The coronavirus is officially an epidemic and has caused devastation to the Sandpoint community


Peyton Mullen

The coronavirus is a respiratory illness that is highly contagious.

March Madness cancelled, Tom Hanks diagnosed, Disneyland closed, NBA season suspended, and European travel plans postponed. The widespread coronavirus has resulted in 120,000 cases worldwide, and more than 4,300 deaths. The pathogen has made national headlines daily for a while now, and will likely continue to do so in the foreseeable future. It’s hard enough as it is to comprehend the big headlines, but for some, the virus has hit even closer to home. Here are six ways the coronavirus has affected our community already. 

Spring Break Travels

With spring break right around the corner, many students and their families are facing the harsh reality of cancelled travel plans. Sophomore Piper Frank and her family had plans to travel to Paris, France over spring break (March 27 – April 5), but as a result of the 30 day ban on travels to Europe, the Franks’ plans have been postponed. Though Frank was disappointed, she was able to remain positive and look forward to the “many fun things/places to still do or go to around Sandpoint”.

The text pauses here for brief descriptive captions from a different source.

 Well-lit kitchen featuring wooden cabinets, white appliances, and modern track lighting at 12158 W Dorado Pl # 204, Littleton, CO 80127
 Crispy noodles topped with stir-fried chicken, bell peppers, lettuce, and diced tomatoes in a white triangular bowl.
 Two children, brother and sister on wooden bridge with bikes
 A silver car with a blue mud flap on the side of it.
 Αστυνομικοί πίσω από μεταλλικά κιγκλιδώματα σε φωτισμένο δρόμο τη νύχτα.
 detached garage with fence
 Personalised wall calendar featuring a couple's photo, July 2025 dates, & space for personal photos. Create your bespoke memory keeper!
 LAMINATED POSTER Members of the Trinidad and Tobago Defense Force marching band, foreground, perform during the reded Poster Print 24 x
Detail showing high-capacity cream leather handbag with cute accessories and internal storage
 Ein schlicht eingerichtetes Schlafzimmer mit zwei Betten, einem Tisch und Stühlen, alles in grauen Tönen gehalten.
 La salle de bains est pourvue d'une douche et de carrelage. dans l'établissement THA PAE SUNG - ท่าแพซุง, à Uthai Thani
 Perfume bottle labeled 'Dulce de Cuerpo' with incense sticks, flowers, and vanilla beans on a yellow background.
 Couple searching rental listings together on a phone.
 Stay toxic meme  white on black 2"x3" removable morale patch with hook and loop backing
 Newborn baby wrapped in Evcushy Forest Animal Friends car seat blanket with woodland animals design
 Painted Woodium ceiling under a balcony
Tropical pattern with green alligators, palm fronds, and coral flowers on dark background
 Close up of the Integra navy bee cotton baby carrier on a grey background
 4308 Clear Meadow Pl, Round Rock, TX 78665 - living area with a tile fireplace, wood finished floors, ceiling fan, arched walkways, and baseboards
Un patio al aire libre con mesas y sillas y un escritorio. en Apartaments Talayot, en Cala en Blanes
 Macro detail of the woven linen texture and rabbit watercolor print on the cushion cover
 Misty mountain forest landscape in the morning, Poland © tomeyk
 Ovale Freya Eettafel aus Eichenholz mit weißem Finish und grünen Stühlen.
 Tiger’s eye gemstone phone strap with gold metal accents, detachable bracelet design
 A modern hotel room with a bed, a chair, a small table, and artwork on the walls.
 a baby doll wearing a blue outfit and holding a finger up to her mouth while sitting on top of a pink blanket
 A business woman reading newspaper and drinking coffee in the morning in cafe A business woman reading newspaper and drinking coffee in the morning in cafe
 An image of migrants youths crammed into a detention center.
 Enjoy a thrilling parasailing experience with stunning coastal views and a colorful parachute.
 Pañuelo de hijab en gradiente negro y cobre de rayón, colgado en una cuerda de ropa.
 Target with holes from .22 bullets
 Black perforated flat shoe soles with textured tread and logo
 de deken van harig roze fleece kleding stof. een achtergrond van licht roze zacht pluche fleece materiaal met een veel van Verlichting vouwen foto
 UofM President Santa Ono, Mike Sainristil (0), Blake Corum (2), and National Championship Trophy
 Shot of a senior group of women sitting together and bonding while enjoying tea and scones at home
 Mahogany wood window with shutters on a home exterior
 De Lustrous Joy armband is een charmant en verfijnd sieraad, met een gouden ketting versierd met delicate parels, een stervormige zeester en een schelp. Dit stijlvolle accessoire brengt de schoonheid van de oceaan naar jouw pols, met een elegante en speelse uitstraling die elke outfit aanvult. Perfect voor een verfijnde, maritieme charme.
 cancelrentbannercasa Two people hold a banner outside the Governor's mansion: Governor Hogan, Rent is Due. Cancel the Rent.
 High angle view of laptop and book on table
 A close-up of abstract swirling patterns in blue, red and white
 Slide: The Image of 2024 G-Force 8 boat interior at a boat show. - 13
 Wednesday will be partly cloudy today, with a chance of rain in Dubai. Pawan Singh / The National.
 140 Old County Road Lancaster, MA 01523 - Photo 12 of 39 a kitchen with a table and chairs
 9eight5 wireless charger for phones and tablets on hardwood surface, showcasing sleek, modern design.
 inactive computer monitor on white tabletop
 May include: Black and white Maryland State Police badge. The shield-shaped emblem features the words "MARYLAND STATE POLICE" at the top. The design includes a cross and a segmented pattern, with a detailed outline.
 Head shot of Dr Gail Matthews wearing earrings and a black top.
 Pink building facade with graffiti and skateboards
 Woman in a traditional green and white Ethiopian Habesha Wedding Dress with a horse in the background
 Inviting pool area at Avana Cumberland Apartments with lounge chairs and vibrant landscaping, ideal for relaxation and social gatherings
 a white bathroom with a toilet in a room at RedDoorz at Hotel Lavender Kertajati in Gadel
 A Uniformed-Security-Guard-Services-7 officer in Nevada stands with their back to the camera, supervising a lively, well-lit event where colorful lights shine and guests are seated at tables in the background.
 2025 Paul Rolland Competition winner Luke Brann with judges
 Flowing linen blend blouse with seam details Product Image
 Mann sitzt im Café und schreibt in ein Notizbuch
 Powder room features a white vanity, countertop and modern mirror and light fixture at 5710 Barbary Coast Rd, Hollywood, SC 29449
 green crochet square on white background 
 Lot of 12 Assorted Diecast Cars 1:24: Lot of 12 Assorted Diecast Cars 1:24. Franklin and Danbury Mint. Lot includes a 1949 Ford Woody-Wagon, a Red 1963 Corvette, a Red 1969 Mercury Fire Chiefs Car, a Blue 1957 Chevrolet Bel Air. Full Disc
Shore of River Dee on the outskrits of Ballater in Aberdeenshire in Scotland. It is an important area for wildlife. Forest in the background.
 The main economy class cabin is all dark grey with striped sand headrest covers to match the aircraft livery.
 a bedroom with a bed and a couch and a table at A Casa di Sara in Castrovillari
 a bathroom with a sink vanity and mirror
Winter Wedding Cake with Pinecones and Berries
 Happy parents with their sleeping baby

Softball Tournament Cancelled

In addition to personal plans, many of Sandpoint High’s sporting and club events are seeing the effects of the virus as well, but are not taking the news lightly. One specific example of these effects can be observed within Sandpoint High School softball program. The girls were scheduled to compete in the “Win the Pitch” tournament in Boise, Idaho, along with 35 other teams from the area on March 27. The tournament was recently cancelled due to concerns about the coronavirus. Elizabeth Hawkins-Williams, head coach of the varsity softball team, said this cancellation has “affected the morale of the team”, and has left Sandpoint players feeling they have “nothing to look forward to”. When commenting her players’ reaction to the news, Hawkins-Williams said, “The hard work they have been putting in for the last three weeks is for nothing. My players love competing, so spending so much time only practicing indoors impacts team morale.” Hawkins-Williams added that if Washington closed its doors to interstate high school games, six more games in March would be lost. 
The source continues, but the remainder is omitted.